### Problem details
All the data beneath this line is to be reproduced exactly.

BEGIN Given entries

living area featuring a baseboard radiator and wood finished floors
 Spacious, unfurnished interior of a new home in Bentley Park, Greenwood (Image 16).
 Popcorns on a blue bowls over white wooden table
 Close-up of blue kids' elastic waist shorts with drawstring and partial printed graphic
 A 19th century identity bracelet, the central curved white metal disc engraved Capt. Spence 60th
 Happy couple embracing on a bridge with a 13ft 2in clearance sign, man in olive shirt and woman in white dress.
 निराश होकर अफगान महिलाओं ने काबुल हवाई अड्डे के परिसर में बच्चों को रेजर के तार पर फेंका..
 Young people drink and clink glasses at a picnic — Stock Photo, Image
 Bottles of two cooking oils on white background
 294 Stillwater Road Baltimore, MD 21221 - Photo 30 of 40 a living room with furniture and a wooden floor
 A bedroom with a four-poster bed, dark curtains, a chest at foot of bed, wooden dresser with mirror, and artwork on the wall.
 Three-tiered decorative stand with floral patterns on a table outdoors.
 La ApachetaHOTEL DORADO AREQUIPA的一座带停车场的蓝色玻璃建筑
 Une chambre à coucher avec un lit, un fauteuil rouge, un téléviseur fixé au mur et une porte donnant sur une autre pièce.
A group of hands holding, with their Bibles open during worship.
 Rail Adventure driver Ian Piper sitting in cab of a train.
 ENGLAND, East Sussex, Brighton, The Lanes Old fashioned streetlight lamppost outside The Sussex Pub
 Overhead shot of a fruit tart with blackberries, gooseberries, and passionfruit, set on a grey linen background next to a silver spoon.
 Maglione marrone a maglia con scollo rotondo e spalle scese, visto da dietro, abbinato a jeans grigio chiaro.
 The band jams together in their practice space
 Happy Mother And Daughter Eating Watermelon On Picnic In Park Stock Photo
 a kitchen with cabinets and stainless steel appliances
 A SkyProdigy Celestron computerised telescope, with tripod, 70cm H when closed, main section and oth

END Given entries

### Response
living area featuring a baseboard radiator and wood finished floors
 Spacious, unfurnished interior of a new home in Bentley Park, Greenwood (Image 16).
 Popcorns on a blue bowls over white wooden table
 Close-up of blue kids' elastic waist shorts with drawstring and partial printed graphic
 A 19th century identity bracelet, the central curved white metal disc engraved Capt. Spence 60th
 Happy couple embracing on a bridge with a 13ft 2in clearance sign, man in olive shirt and woman in white dress.
 निराश होकर अफगान महिलाओं ने काबुल हवाई अड्डे के परिसर में बच्चों को रेजर के तार पर फेंका..
 Young people drink and clink glasses at a picnic — Stock Photo, Image
 Bottles of two cooking oils on white background
 294 Stillwater Road Baltimore, MD 21221 - Photo 30 of 40 a living room with furniture and a wooden floor
 A bedroom with a four-poster bed, dark curtains, a chest at foot of bed, wooden dresser with mirror, and artwork on the wall.
 Three-tiered decorative stand with floral patterns on a table outdoors.
 La ApachetaHOTEL DORADO AREQUIPA的一座带停车场的蓝色玻璃建筑
 Une chambre à coucher avec un lit, un fauteuil rouge, un téléviseur fixé au mur et une porte donnant sur une autre pièce.
A group of hands holding, with their Bibles open during worship.
 Rail Adventure driver Ian Piper sitting in cab of a train.
 ENGLAND, East Sussex, Brighton, The Lanes Old fashioned streetlight lamppost outside The Sussex Pub
 Overhead shot of a fruit tart with blackberries, gooseberries, and passionfruit, set on a grey linen background next to a silver spoon.
 Maglione marrone a maglia con scollo rotondo e spalle scese, visto da dietro, abbinato a jeans grigio chiaro.
 The band jams together in their practice space
 Happy Mother And Daughter Eating Watermelon On Picnic In Park Stock Photo
 a kitchen with cabinets and stainless steel appliances
 A SkyProdigy Celestron computerised telescope, with tripod, 70cm H when closed, main section and oth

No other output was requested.